* About this exercise
Pictures are to be left out; every line from the one that holds "三部门印发推动低空保险高质量发展实施意见" to the end of the data is to be retyped exactly.

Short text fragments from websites
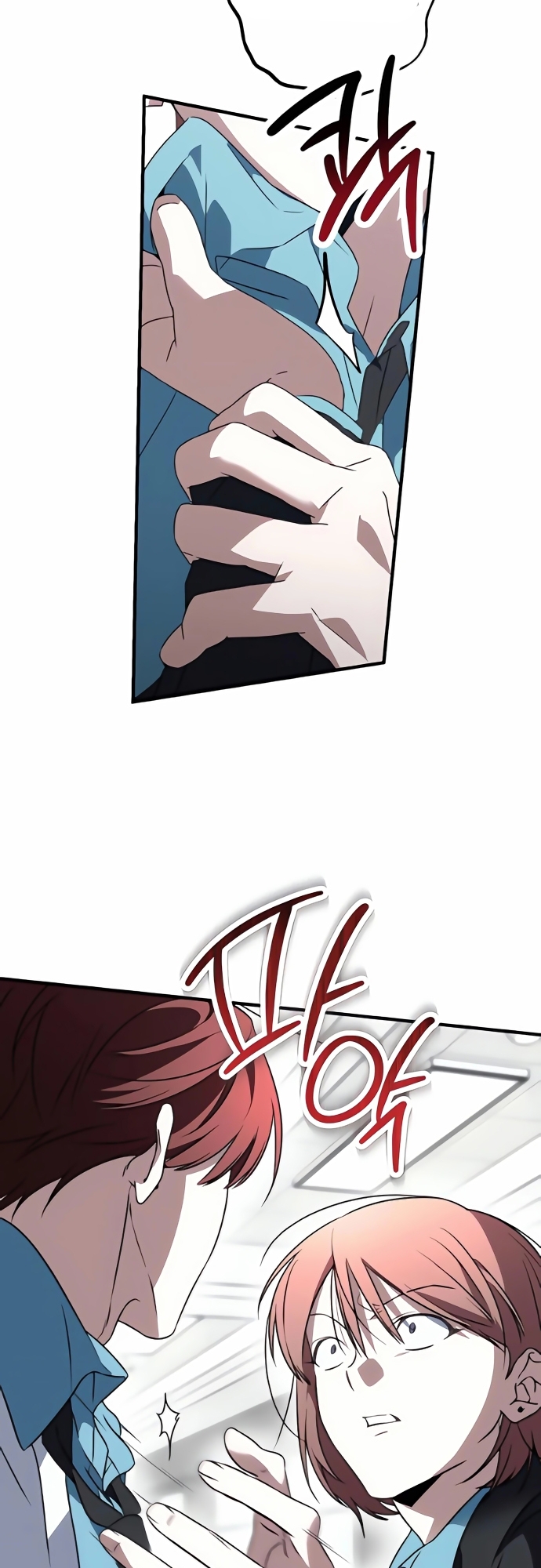 Sounds Like: Chapter 2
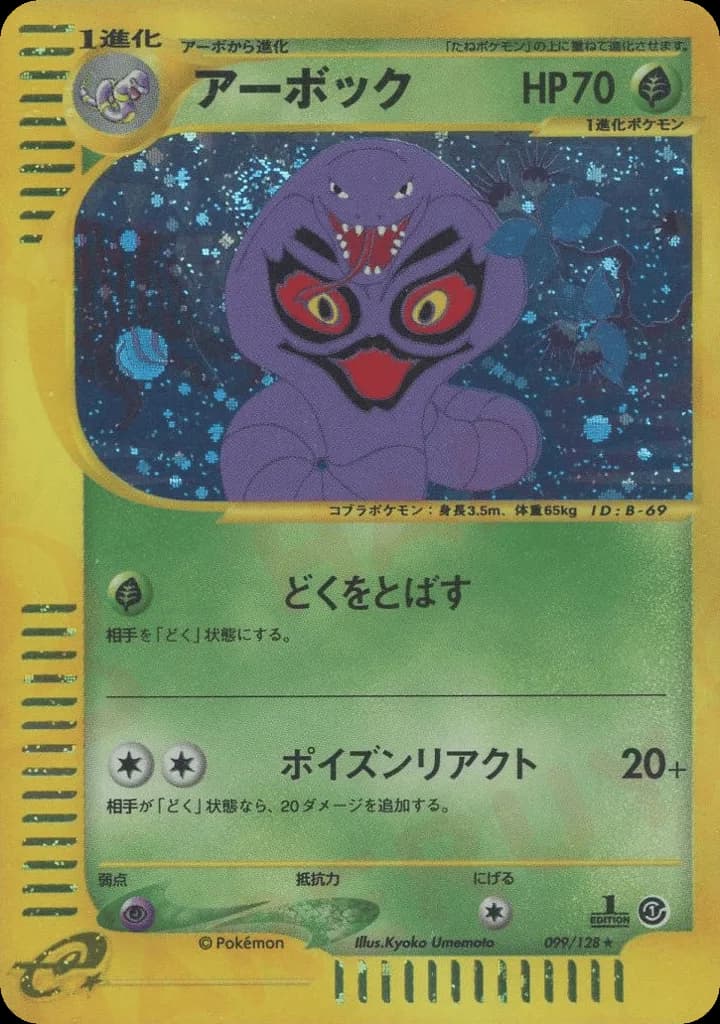 Arbok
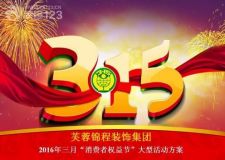 西部家裝第一股重裝開業(yè)暨3.15家裝紅盾春雷行動(dòng)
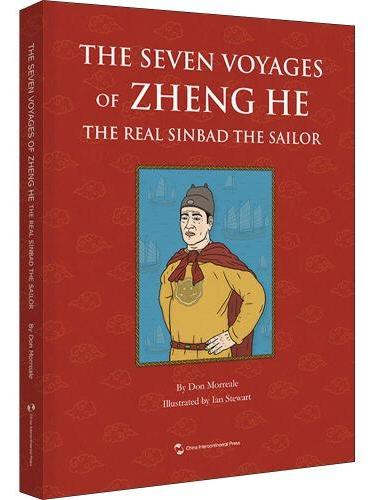 郑和七下西洋：真正的航海英雄“辛巴达”（英）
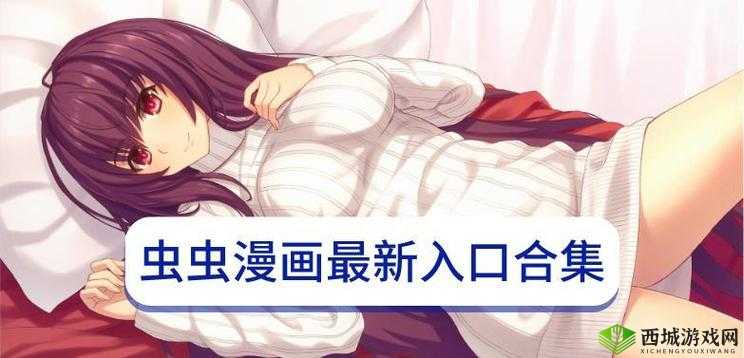 虫虫漫画免费漫画在线看漫画:海量精彩漫画等你来看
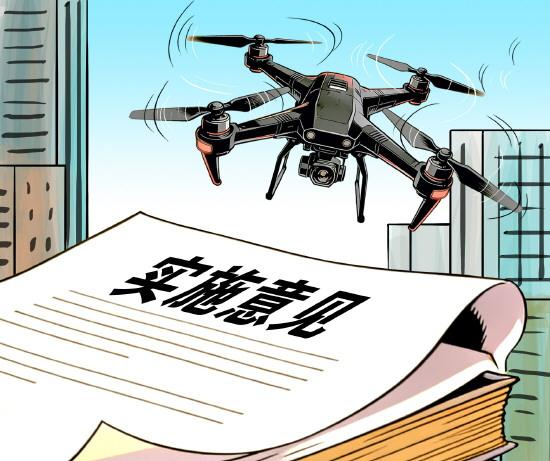 三部门印发推动低空保险高质量发展实施意见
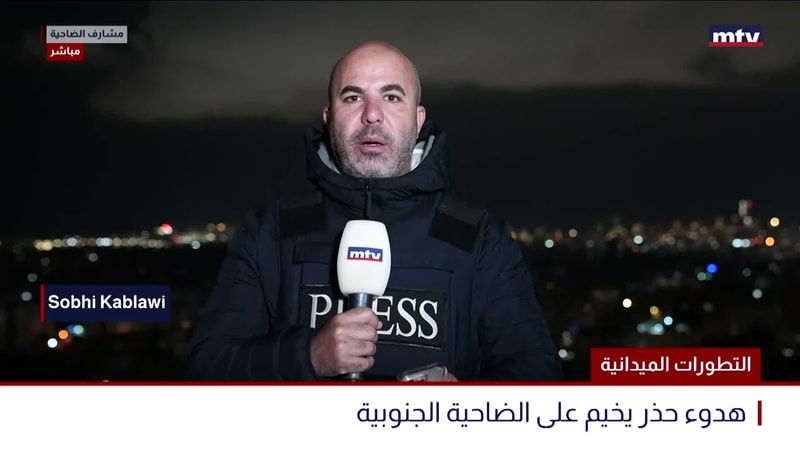 النشرة الكاملة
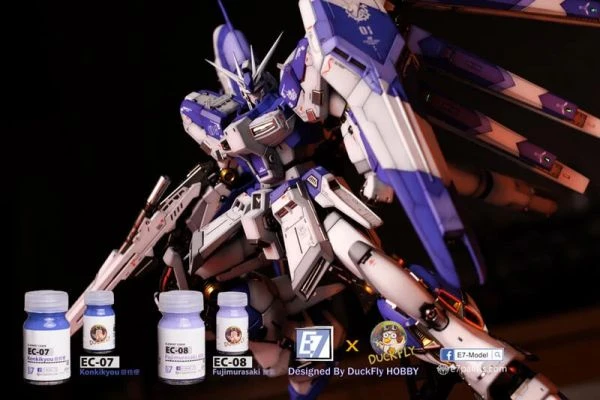 E7-COLOR（EC-07）紺桔梗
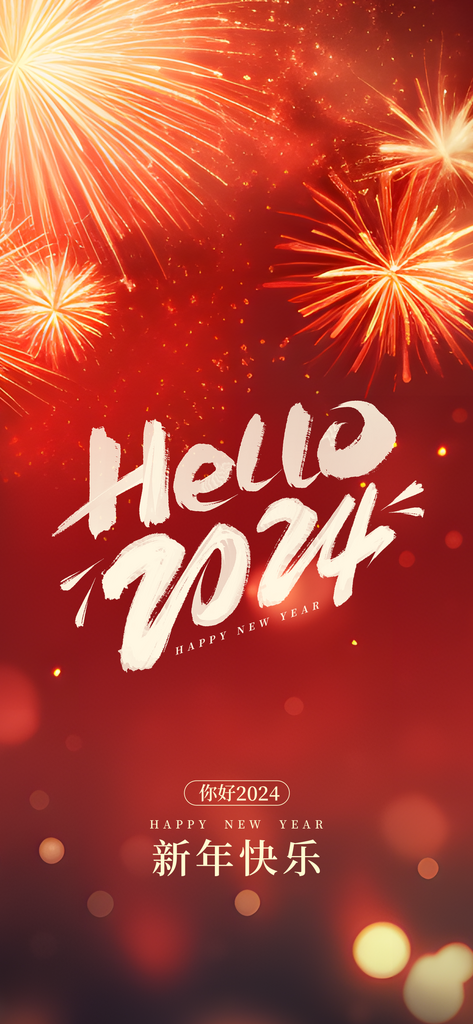 元旦新年快乐海报素材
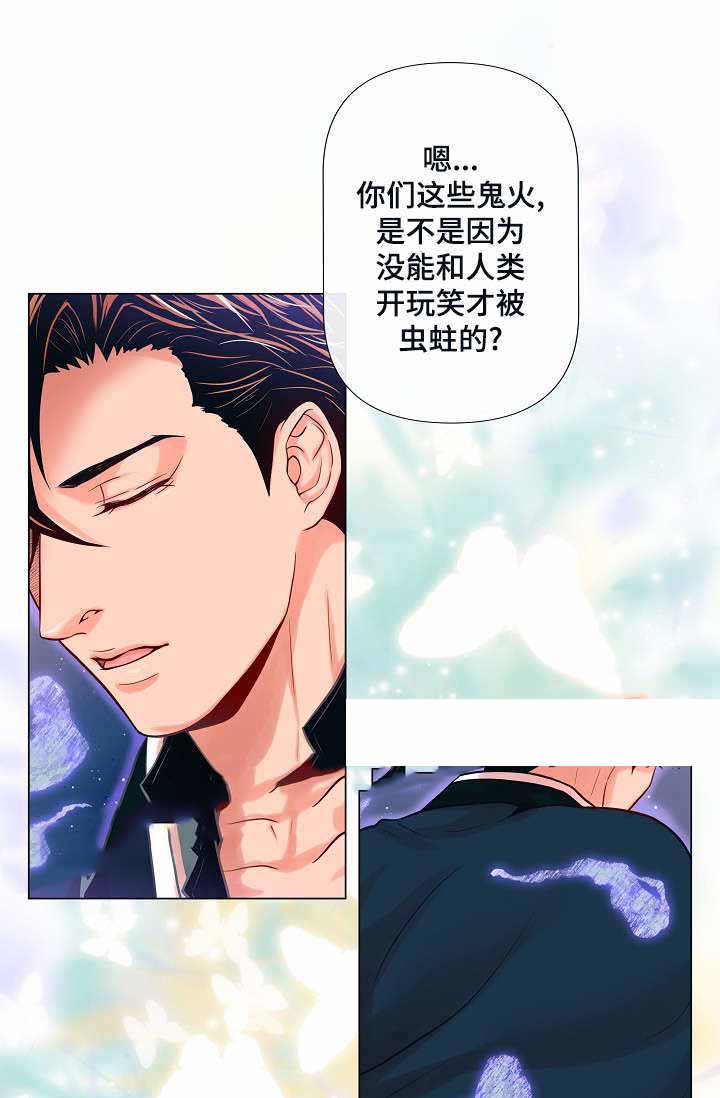 《幻象爱恋》漫画最新章节第18话免费下拉式在线观看章节第【25】张图片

* Exercise output
 三部门印发推动低空保险高质量发展实施意见
 النشرة الكاملة
 E7-COLOR（EC-07）紺桔梗
 元旦新年快乐海报素材
 《幻象爱恋》漫画最新章节第18话免费下拉式在线观看章节第【25】张图片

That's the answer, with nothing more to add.